** Opening Data extracts block **

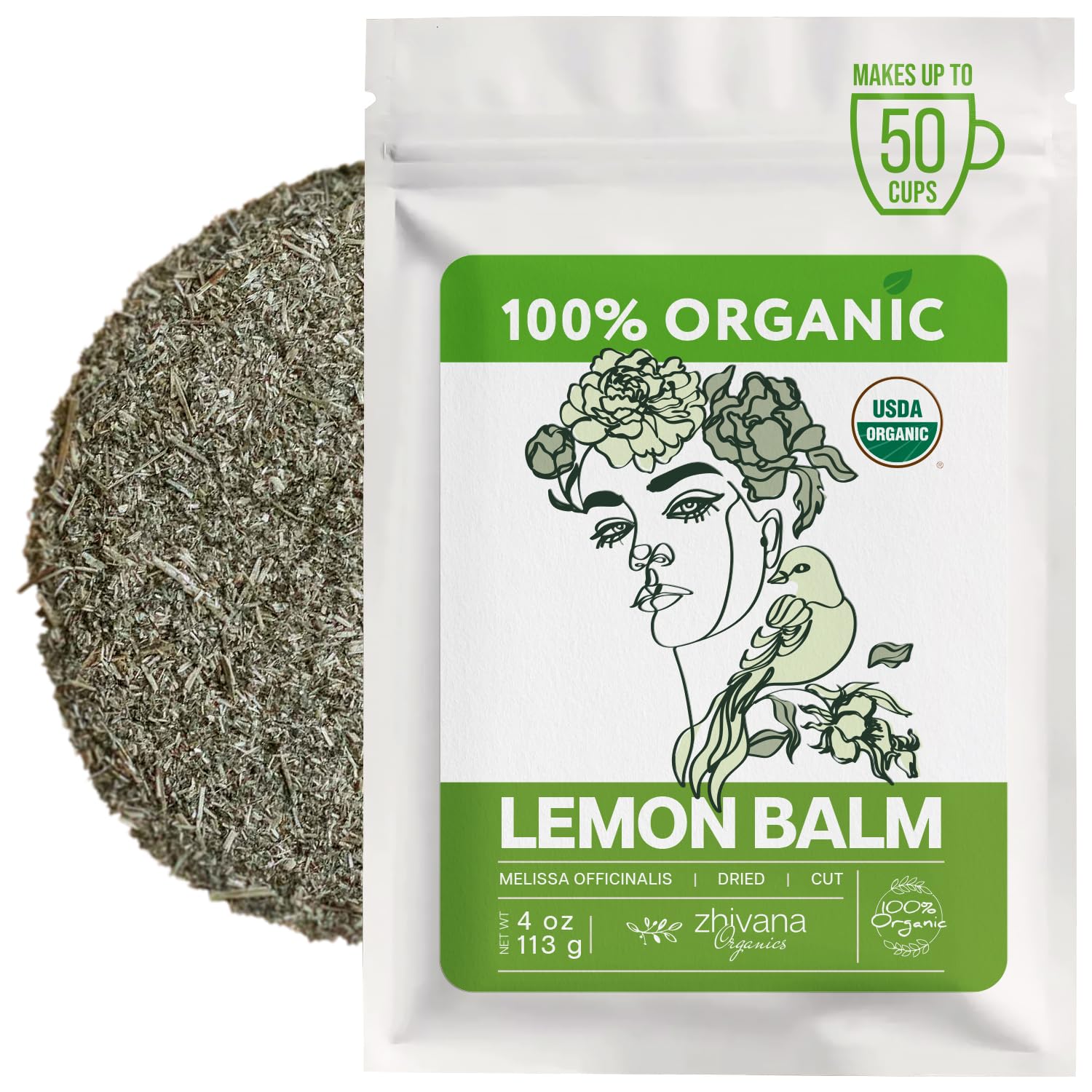 Organic Lemon Balm Leaves (4oz.) - Lemon Balm Tea Organic - Loose Leaf Melissa Tea - Te de Tolonjil - Natural Support for Stress Response, Sleep, Digestion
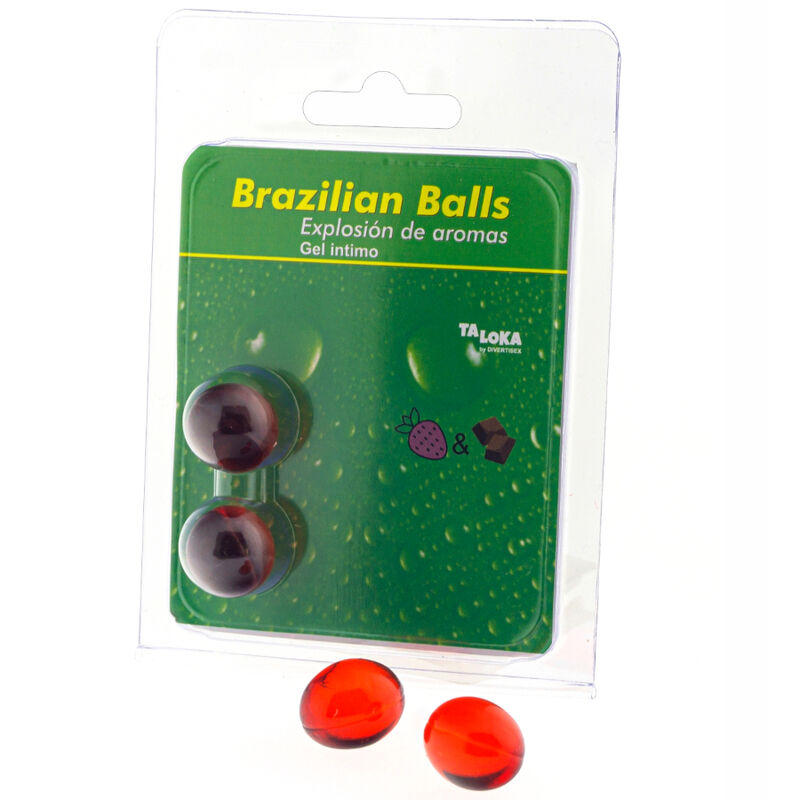 TALOKA - 2 BRASILIANSKA BOLLAR JORDGUBB &amp; CHOKLAD INTIMGEL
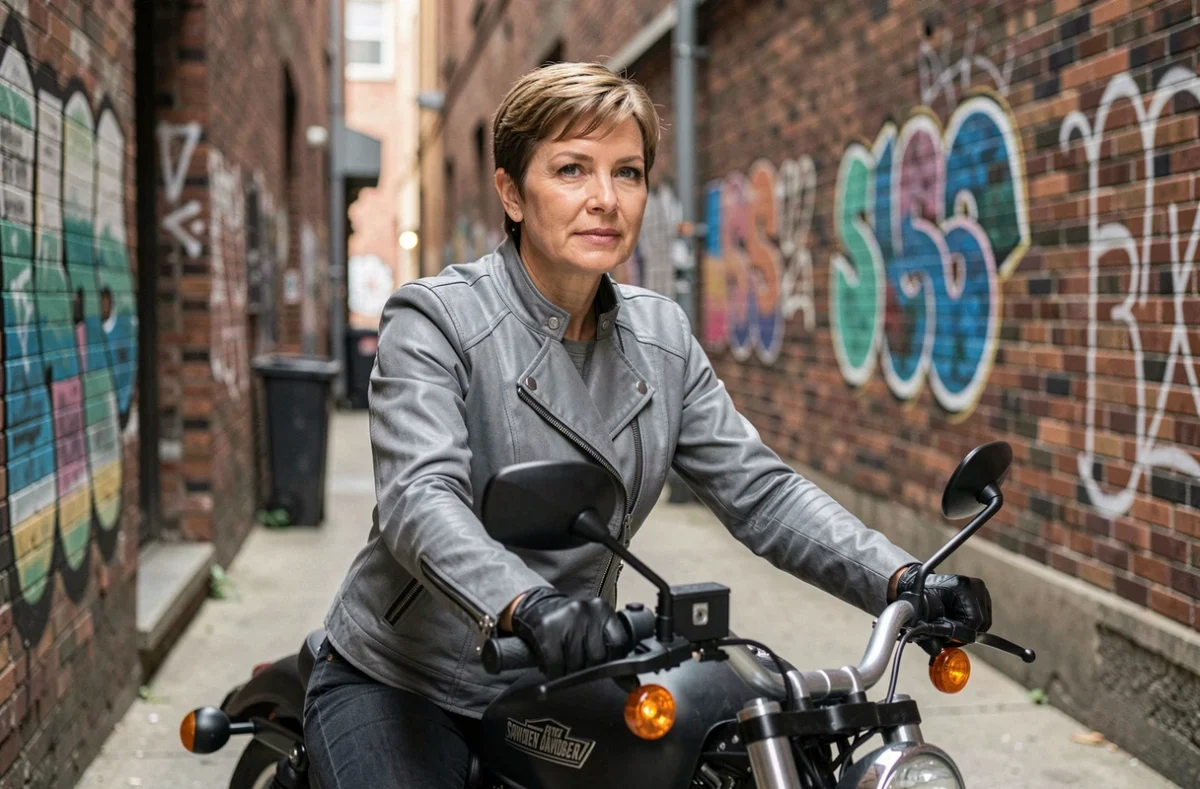 Femme motarde assise sur une Harley Davidson Sportster dans une ruelle urbaine, pour illustrer les tarifs d'assurance moto Harley Davidson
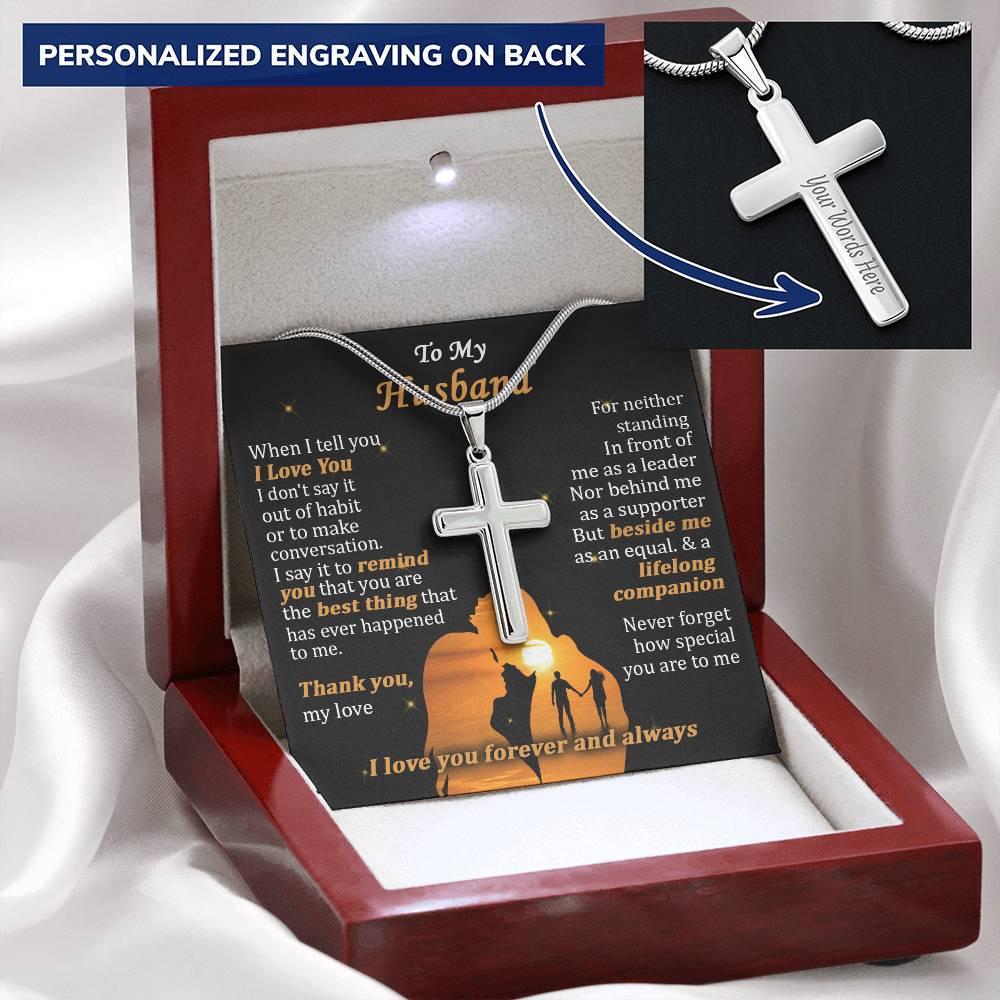 For Husband - Thank You My Love - Cross Customize Engraved Cross Necklace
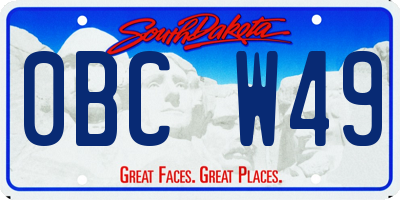 SD license plate 0BCW49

** Closing Data extracts block **

What to produce:
Pictures stay out of this copy. Retype exactly the lines from the one with "Femme motarde assise" through the last line of the data, both ends included, and nothing more.

Problem solution:
 Femme motarde assise sur une Harley Davidson Sportster dans une ruelle urbaine, pour illustrer les tarifs d'assurance moto Harley Davidson
 For Husband - Thank You My Love - Cross Customize Engraved Cross Necklace
 SD license plate 0BCW49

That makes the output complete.